“Rave“ alle fornaci, arrivano le denunce

L’ha sporta il legale rappresentante della società immobiliare proprietaria della grande area dismessa

Avarie

Per ora la denuncia è contro ignoti e per “invasione di terreni o edifici“, reato che non può essere perseguito d’ufficio ma necessita che sia il proprietario dell’immobile ad agire.

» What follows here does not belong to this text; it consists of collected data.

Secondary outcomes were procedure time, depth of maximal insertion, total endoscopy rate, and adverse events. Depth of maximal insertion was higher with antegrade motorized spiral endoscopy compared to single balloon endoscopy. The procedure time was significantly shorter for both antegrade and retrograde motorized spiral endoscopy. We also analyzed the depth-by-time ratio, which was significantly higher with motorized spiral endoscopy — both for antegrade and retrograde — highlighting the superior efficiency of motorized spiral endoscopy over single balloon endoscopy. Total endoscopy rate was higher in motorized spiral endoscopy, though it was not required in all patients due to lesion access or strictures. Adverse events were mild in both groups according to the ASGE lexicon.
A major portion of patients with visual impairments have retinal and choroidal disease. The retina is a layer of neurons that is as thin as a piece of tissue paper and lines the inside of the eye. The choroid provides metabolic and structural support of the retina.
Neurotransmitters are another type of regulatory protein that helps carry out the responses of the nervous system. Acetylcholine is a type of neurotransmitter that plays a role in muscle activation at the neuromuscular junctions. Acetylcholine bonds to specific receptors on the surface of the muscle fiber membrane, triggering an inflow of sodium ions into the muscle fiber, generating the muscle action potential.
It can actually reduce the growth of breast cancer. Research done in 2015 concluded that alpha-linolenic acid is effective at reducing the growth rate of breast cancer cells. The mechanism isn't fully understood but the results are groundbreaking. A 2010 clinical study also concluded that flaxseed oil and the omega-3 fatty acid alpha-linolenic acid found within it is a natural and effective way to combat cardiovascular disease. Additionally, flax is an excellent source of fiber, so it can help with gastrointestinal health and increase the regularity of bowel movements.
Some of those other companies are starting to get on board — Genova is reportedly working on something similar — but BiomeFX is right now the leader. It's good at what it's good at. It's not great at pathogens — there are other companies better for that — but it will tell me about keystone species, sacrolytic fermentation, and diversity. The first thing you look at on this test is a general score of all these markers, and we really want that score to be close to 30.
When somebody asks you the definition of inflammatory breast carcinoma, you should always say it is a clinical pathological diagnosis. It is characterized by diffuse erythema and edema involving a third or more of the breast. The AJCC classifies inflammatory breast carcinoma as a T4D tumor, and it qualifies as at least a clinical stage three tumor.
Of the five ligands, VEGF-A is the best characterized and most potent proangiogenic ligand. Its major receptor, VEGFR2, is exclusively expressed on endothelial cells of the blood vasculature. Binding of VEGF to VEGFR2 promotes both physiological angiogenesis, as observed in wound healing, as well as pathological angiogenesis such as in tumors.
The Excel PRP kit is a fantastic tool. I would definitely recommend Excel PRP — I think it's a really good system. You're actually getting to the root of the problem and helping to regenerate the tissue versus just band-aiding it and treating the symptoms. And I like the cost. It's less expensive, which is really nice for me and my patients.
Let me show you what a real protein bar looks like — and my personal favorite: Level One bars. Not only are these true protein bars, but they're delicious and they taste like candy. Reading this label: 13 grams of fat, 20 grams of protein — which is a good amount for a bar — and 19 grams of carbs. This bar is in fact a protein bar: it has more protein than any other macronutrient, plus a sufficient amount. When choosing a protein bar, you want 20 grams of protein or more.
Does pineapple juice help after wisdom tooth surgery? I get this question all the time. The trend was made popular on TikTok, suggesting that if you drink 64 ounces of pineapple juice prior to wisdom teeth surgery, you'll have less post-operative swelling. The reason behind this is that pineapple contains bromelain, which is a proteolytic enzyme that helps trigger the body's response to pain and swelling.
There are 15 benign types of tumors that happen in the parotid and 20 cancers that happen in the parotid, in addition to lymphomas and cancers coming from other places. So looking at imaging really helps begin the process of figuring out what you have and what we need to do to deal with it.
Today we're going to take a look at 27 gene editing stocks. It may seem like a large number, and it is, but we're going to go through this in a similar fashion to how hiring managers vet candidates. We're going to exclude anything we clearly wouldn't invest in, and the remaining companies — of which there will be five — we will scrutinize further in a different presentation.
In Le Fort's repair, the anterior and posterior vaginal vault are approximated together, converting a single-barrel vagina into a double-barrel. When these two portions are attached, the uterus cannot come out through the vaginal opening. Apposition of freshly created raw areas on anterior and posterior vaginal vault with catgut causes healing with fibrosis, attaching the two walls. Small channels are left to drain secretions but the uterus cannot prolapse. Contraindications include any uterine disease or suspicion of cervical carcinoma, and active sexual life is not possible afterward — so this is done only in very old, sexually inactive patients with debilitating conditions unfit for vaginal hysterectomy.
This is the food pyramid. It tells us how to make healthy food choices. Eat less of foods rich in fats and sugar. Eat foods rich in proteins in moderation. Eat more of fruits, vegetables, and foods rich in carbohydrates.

È quello che è stato fatto dal legale rappresentante dell’immobiliare romana proprietaria della grande area industriale dismessa di Caldè, comune di Castelveccana, dove domenica 29 settembre i carabinieri vennero chiamati per estranei all’interno del perimetro cintato.

I militari, assieme ai colleghi Forestali e alla polizia di frontiera di Luino, intervennero mentre un centinaio di persone era entrata nell’ex fabbrica di calce a picco sul lago.

Qui le versioni differiscono a seconda di chi si ascolta: per i carabinieri era l’inizio di un rave poiché vennero trovate casse per ascoltare musica e fusti di birra. Per gli organizzatori del “collettivo Sativa“ invece era solo il pretesto per ascoltare un po’ di musica mentre l’intera area veniva ripulita dalla spazzatura (e a sostegno di questa tesi restarono una decina di sacchi dell’immondizzia pieni che vennero poi smaltiti dal Comune).

Il clima era molto disteso: all’invito di lasciare il posto impartito dai carabinieri tutti i partecipanti al ritrovo se ne andarono senza alcun problema di ordine pubblico; sul posto vennero identificate quali “organizzatori“ una quindicina di persone. Poi tutto finì.

Oggi, a quindici giorni dall’iniziativa, arriva la denuncia. Sempre mercoledì la proprietà ha fatto anche un sopralluogo, accompagnata dai carabinieri per verificare lo stato dell’area ma anche l’efficacia delle recinzioni posizionate alcuni anni fa.

Si tratta di un’inferriata e da una rete in metallo piuttosto spessa che da tempo risulta tagliata: è da lì che probabilmente sono entrati i ragazzi del collettivo Sativa e i simpatizzanti.

Ed è da lì che una comitiva di adolescenti all’ultimo giorno di scuola per un bagno fuori stagione rincasò alla fine della bigiata con un compagno in meno: un giovane di origini africane che a giugno trovò la morte affogando dopo essersi lanciato dal manufatto dell’ex fabbrica.

Per questo più volte le forze dell’ordine hanno esortato a stare lontani dalle fornaci, un posto a rischio crolli dove basta un piade in fallo per farsi male.

Nel 2008, 114 ragazzi, che parteciparono al rave di Castelveccana nel giugno del 2006 vennero denunciati e indagati per concorso in occupazione aggravata di terreni ed edifici altrui pubblici o privati.